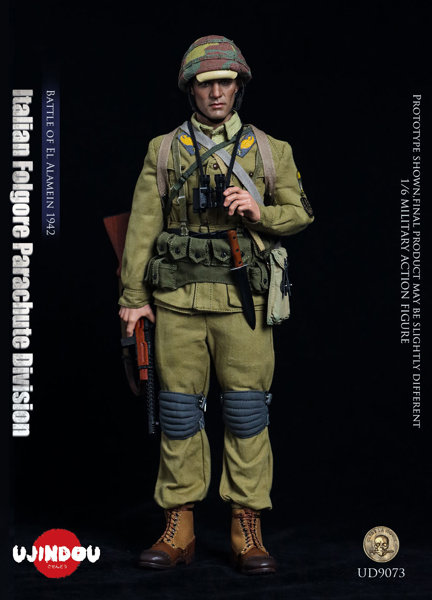 御戦道 1/6 イタリア軍 フォルゴーレ空挺師団 エル・アラメインの戦い 1942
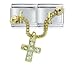 Jewelry : Dangle Cross Chain Religious Italian Charms Bracelet Link
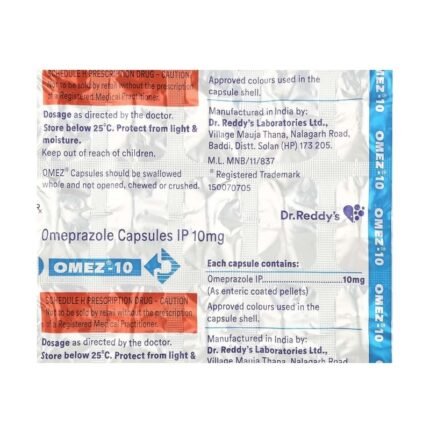 Buy OMEZ 10 Online at Classic Medico
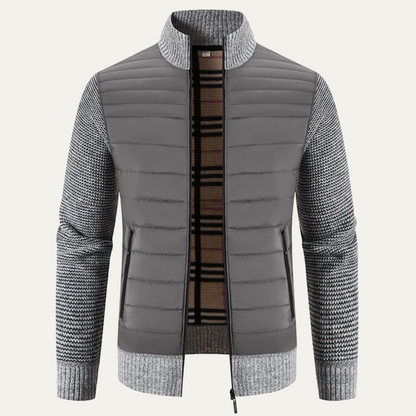 Men's Knit Fleece Winter Jacket - VibreMode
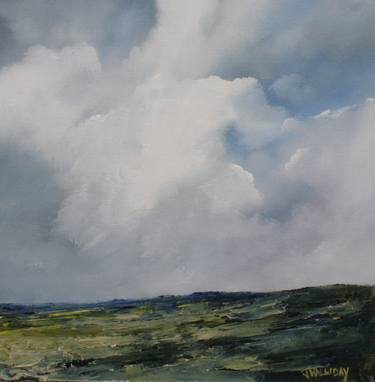 Clouds over the fields, Irish Landscape thumb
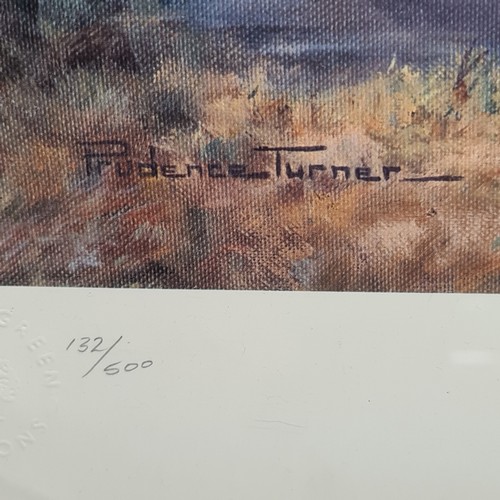 103 - Star Lot : A large hand signed limited edition (132/600) giclee print of a Prudence Turner painting ... 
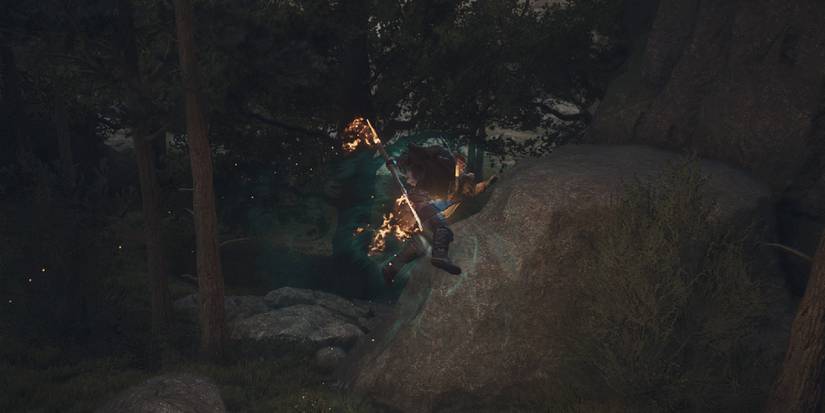 Dragon's Dogma 2 - Crossing A Gap Using Mystic Spearhand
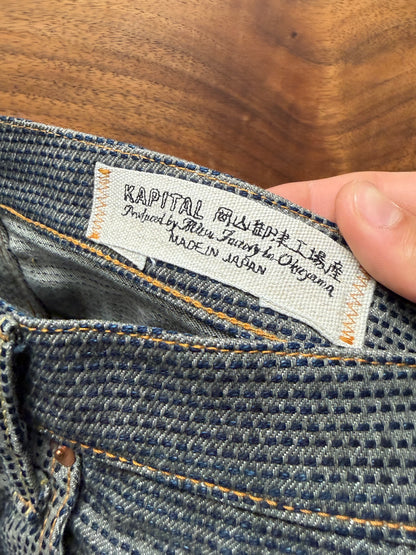 Kapital ‘Century Denim’ Grey Washed Jeans
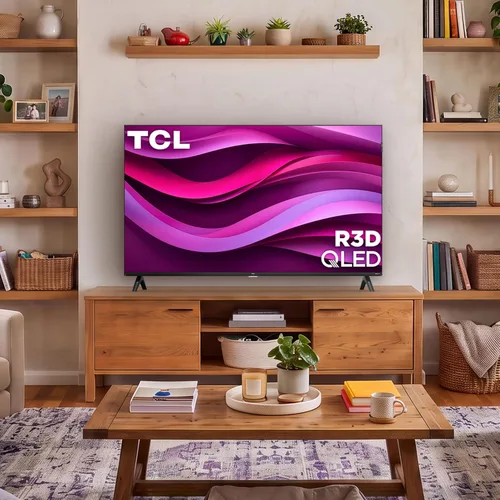 Vista 12 de TCL Smart TV Class R3D Series QLED Roku de 40 pulgadas Diseño sin bisel FullView, Google Cast y AirPlay 2 Televisión para dormitorio, dormitorio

= = = = =

[WHAT YOU WILL DO]
Repeat all the data as it stands, dropping any images it holds.

[YOUR SOLUTION]
 御戦道 1/6 イタリア軍 フォルゴーレ空挺師団 エル・アラメインの戦い 1942
 Jewelry : Dangle Cross Chain Religious Italian Charms Bracelet Link
 Buy OMEZ 10 Online at Classic Medico
 Men's Knit Fleece Winter Jacket - VibreMode
 Clouds over the fields, Irish Landscape thumb
 103 - Star Lot : A large hand signed limited edition (132/600) giclee print of a Prudence Turner painting ... 
 Dragon's Dogma 2 - Crossing A Gap Using Mystic Spearhand
 Kapital ‘Century Denim’ Grey Washed Jeans
 Vista 12 de TCL Smart TV Class R3D Series QLED Roku de 40 pulgadas Diseño sin bisel FullView, Google Cast y AirPlay 2 Televisión para dormitorio, dormitorio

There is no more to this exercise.